Why they’ll win: If there’s a true strength to the Titans, it’s their run defense. They allowed five rushing touchdowns, which led the NFL, and 3.6 yards per carry, which ranked fourth. Linebacker Wesley Woodyard had a fantastic season, finishing 11th in the NFL with 124 tackles. Defensive tackle Jurrell Casey also had another strong season. The Titans are good up the middle, and the Chiefs like to run the ball with Kareem Hunt, the 2017 NFL rushing champ. If you’re going to make an argument for the Titans, it’s that they can take away the Chiefs’ strength.
Why they’ll lose: The Titans weren’t very good this season. The Week 17 win over the Jacksonville Jaguars was their first quality win in many weeks. They had a frustrating habit of struggling against bad teams and then barely pulling out a win — it’s a team that needed overtime to beat the 0-16 Cleveland Browns. This was supposed to be a team that ran the ball very well and got a few plays from its young quarterback on the rise, and it hasn’t happened that way. Other than run defense, the Titans don’t do anything particularly well.
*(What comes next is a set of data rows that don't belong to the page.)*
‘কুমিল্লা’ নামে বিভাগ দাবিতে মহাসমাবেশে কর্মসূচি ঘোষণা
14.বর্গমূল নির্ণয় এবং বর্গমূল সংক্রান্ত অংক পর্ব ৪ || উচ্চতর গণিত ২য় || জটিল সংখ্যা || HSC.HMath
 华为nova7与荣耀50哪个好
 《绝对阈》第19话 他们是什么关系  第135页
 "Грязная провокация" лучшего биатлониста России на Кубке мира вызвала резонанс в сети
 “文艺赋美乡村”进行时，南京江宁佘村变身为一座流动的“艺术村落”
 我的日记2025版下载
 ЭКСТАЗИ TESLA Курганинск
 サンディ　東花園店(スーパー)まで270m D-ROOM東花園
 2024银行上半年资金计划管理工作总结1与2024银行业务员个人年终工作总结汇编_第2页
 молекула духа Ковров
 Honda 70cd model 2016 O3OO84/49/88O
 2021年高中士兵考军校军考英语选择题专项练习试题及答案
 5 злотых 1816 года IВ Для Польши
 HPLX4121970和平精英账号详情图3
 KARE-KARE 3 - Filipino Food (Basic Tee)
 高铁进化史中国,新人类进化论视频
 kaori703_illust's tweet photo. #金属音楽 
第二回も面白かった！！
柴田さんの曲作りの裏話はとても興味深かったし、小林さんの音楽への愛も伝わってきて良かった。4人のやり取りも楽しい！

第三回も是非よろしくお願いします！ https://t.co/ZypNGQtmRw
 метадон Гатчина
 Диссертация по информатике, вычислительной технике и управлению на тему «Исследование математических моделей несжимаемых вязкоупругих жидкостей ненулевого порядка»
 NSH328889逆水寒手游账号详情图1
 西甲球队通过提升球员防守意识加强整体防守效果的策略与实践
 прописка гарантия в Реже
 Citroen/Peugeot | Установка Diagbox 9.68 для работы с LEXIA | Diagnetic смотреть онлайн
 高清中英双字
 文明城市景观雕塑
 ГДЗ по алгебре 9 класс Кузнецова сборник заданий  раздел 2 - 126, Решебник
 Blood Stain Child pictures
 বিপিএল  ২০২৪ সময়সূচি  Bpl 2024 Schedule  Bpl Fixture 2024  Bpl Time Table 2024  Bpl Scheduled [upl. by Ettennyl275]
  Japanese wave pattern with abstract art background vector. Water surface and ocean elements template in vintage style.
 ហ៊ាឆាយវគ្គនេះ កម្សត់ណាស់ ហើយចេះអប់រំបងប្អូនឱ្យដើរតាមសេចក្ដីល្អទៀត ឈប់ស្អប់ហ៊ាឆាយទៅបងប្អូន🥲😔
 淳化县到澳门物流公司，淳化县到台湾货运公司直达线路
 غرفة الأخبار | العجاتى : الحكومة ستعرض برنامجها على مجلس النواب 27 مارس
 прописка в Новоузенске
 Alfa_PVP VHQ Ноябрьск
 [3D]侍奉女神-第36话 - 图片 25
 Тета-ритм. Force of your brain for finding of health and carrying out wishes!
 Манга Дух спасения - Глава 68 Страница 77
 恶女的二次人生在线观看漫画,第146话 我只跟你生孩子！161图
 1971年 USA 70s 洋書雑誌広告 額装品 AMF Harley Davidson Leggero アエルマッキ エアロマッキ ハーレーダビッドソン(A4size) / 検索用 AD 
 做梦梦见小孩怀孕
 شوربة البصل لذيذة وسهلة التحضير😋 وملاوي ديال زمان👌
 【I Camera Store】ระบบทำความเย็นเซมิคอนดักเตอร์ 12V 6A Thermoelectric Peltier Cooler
Keep in mind: Running back DeMarco Murray struggled all season before tearing an MCL. He might not play this week, and the injury might be a blessing because it forces a stubborn coaching staff to feature Derrick Henry. The Titans were supposed to be a good running team, but Murray looked like the heavy career workload caught up to him and the coaches couldn’t figure out they’d be better off diminishing his role. Henry hasn’t been great this season either but he gives the Titans a better shot than Murray would. The Jaguars bottled Henry up in the running game last week, but Henry’s 66-yard touchdown catch on a screen pass was the key play of the game. You can’t rule out Henry having an enormous game, especially against a Chiefs defense that isn’t great against the run. However, if Murray somehow plays, the staff will probably make the wrong decision on who to play.
CHIEFS AT A GLANCE
Key player: Tyreek Hill has the rare ability to make opponents look slow. He has incredible speed, and can turn a game with one play. The Titans do a pretty good job limiting big pass plays — they allowed just seven 40-yard pass plays all season, and only nine teams allowed fewer. The Chiefs rely on Kareem Hunt’s running, Travis Kelce’s unique ability at tight end to move the chains, and then deep shot plays to Hill. Hill’s ability to hit a long play or two could determine if the Chiefs advance.
Why they’ll win: The Chiefs went through a miserable midseason slump, but that appears to be over. They’ve won their last four games (though Week 17 was played mostly with backups). The Chiefs looked like a Super Bowl favorite early in the season, then fell off the radar a bit before a strong finish. When the Chiefs are right, they are a balanced and complete offense that can run the ball and throw it too. Consider that Kareem Hunt won the rushing title and Alex Smith led the NFL with a 104.7 passer rating.
Why they’ll lose: The Chiefs have been accused of being too conservative and risk averse in the Andy Reid-Alex Smith era. That hasn’t always been a fair criticism, but we’re all waiting for it to happen in the playoffs. If the Chiefs turn this into a grind-it-out game, keep in mind that the Titans have a good run defense, and the Chiefs’ run defense ranked dead last in the NFL according to Football Outsiders’ DVOA metric. The Chiefs might need to be dynamic to win this game, and any subsequent games in the playoffs, and that’s not what we expect from them.
Keep in mind: The Chiefs’ playoff history might not factor into Saturday’s result, but it’s tough to ignore. Since a divisional round win on Jan. 16, 1994, with Joe Montana at quarterback against a Buddy Ryan-led Houston Oilers defense in the Astrodome (if you really want to date it), the Chiefs are 1-10 in the playoffs. The lone win came at the Houston Texans two seasons ago. Five of those losses came at Arrowhead Stadium, including last season’s 18-16 disappointment to the Pittsburgh Steelers. Losing at home to John Elway in January of 1998, for example, doesn’t have anything to do with this week. But know that the franchise and its fan base brings a lot of baggage into these playoffs.